Evolution de jurisprudence importante consacrée par la cour de cassation en assemblée plénière.
Les faits et la procédure etaient les suivants : les parents d'un mineur avaient divorcés et la justice avait fixé la résidence habituelle de l'enfant chez la mère.
Apres avoir mis le feu à plusieurs espaces boisés, le mineur a été pénalement condamné par un tribunal judiciaire en première instance. Cette même juridiction a déclaré ses deux parents civilement responsables des dommages causés par les incendies.
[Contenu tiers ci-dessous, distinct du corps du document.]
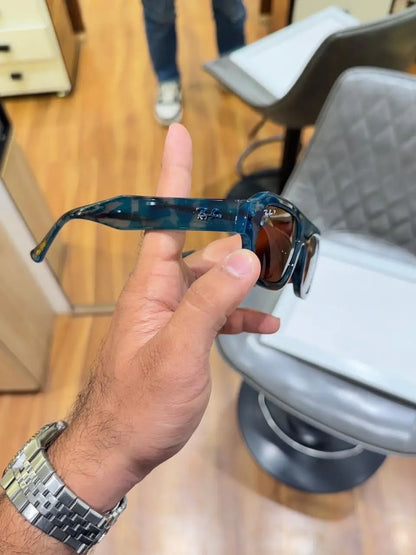 RAYBAN BLUE AND BROWN ￼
Le père a fait appel. La cour d'appel lui a donné raison : elle a jugé que seule la mère pouvait être déclarée civilement responsable car c'est chez elle que la résidence habituelle du mineur avait été fixée.
La jurisprudence était en effet telle que la responsabilité civile des parents était engagée seulement avec la réunion de deux critères : les parents devaient avoir l'autorité parentale et l'enfant mineur devait habiter effectivement chez ses parents. La jurisprudence déduisait ainsi de la fixation de la résidence de l'enfant chez un de ses parents sa responsabilité civile pour réparer les dommages causes par le mineur.
Ainsi seul le parent chez lequel la résidence habituelle de l'enfant avait été fixée pouvait voir sa responsabilité civile engagée du fait des dommages causés par le mineur.
En dépit de cette jurisprudence, la mère a formé un pourvoi en cassation.
Par un arrêt de principe pris en assemblée générale et publié au bulletin la cour de cassation a fait évoluer sa jurisprudence et l'interprétation de l'article 1242, alinéa 4 du Code civil.
Elle a ainsi décidé que les deux critères prévus dans cet article pour déclencher la responsabilité civile des parents, à savoir l'exercice de l'autorité parentale et la cohabitation avec l'enfant, étaient consubstantiels. Cela signifie désormais que le fait que l'autorité parentale soit conjointe implique nécessairement que le mineur cohabite avec ses parents au sens de l'article 1242 du Code civil.
De façon un peu contre-intuitive, lorsque les parents exercent donc l'autorité parentale, la condition de cohabitation est donc considérée comme remplie pour les deux parents, même lorsqu'ils sont séparés et que l'enfant ne réside pas effectivement chez l'un d'eux.
La cour précise que ces deux critères consubstantiels que sont l'exercice conjoint de l'autorité parentale et la cohabitation ne connaissent qu'une exception : celle dans laquelle une décision administrative ou judiciaire confie l'enfant a un tiers. Si l'enfant réside habituellement chez un tiers, la responsabilité des parents, même s'ils exercent encore l'autorité parentale, ne pourra pas être engagée.